_TASK MATERIAL_

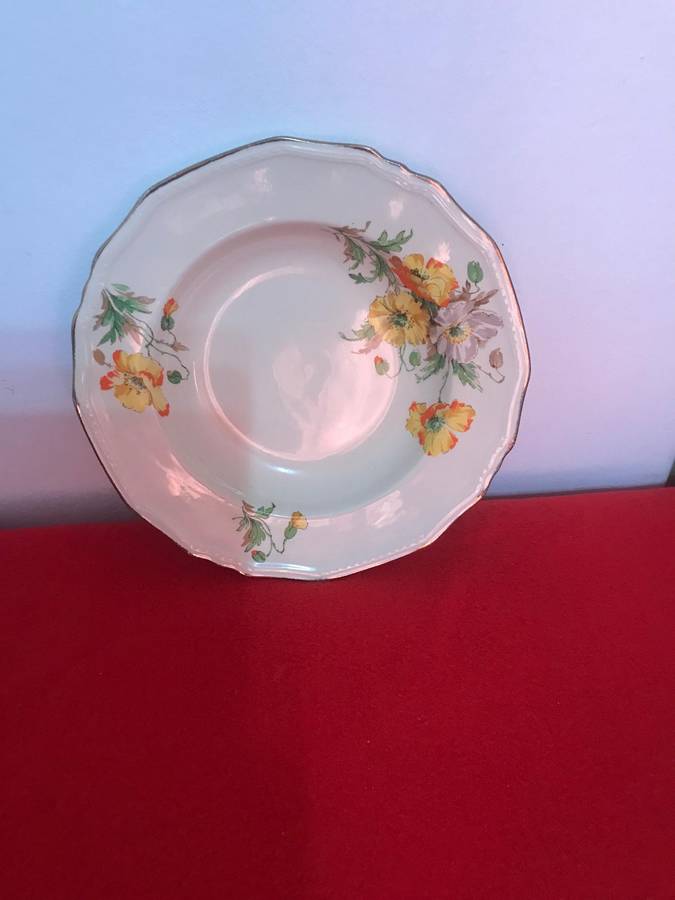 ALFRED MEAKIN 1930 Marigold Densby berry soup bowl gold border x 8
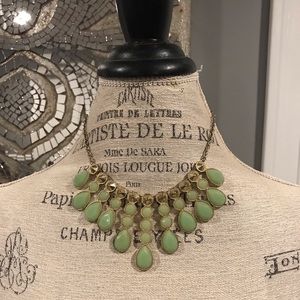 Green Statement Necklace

* * *

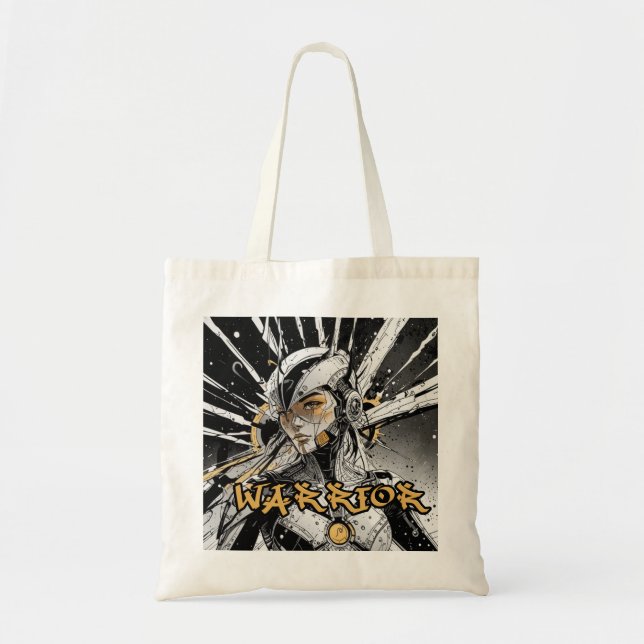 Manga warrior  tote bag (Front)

_YOUR TASK_
In the listing above, find the line with "ALFRED MEAKIN 1930" and output it and every line after it up to and including the line with "Green Statement Necklace", exactly, minus the pictures.

_SOLUTION TO THIS TASK_
 ALFRED MEAKIN 1930 Marigold Densby berry soup bowl gold border x 8
 Green Statement Necklace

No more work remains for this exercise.